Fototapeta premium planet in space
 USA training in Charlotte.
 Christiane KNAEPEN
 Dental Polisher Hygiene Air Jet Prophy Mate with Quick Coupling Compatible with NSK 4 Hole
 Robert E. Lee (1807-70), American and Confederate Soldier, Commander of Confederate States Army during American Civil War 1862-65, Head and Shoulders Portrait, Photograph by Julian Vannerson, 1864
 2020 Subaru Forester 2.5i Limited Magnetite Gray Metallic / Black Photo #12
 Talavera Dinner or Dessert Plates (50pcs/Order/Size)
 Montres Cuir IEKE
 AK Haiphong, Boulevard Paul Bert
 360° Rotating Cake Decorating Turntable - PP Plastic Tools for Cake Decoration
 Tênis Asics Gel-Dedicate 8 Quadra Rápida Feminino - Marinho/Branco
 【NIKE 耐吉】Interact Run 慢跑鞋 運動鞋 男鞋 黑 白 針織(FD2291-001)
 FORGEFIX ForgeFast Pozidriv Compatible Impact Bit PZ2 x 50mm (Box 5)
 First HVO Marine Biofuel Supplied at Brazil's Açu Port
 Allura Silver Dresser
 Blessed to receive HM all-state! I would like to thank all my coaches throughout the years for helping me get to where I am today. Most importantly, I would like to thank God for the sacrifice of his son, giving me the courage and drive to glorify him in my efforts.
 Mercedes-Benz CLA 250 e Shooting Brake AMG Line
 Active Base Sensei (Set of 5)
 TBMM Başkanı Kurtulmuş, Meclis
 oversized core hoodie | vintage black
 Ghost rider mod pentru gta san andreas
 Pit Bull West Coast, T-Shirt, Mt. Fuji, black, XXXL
• • • • •
What needs to be done. Each line from the one containing "Talavera Dinner or" to the last line of the material above should be reproduced word for word, with nothing added.

Result of the exercise.
 Talavera Dinner or Dessert Plates (50pcs/Order/Size)
 Montres Cuir IEKE
 AK Haiphong, Boulevard Paul Bert
 360° Rotating Cake Decorating Turntable - PP Plastic Tools for Cake Decoration
 Tênis Asics Gel-Dedicate 8 Quadra Rápida Feminino - Marinho/Branco
 【NIKE 耐吉】Interact Run 慢跑鞋 運動鞋 男鞋 黑 白 針織(FD2291-001)
 FORGEFIX ForgeFast Pozidriv Compatible Impact Bit PZ2 x 50mm (Box 5)
 First HVO Marine Biofuel Supplied at Brazil's Açu Port
 Allura Silver Dresser
 Blessed to receive HM all-state! I would like to thank all my coaches throughout the years for helping me get to where I am today. Most importantly, I would like to thank God for the sacrifice of his son, giving me the courage and drive to glorify him in my efforts.
 Mercedes-Benz CLA 250 e Shooting Brake AMG Line
 Active Base Sensei (Set of 5)
 TBMM Başkanı Kurtulmuş, Meclis
 oversized core hoodie | vintage black
 Ghost rider mod pentru gta san andreas
 Pit Bull West Coast, T-Shirt, Mt. Fuji, black, XXXL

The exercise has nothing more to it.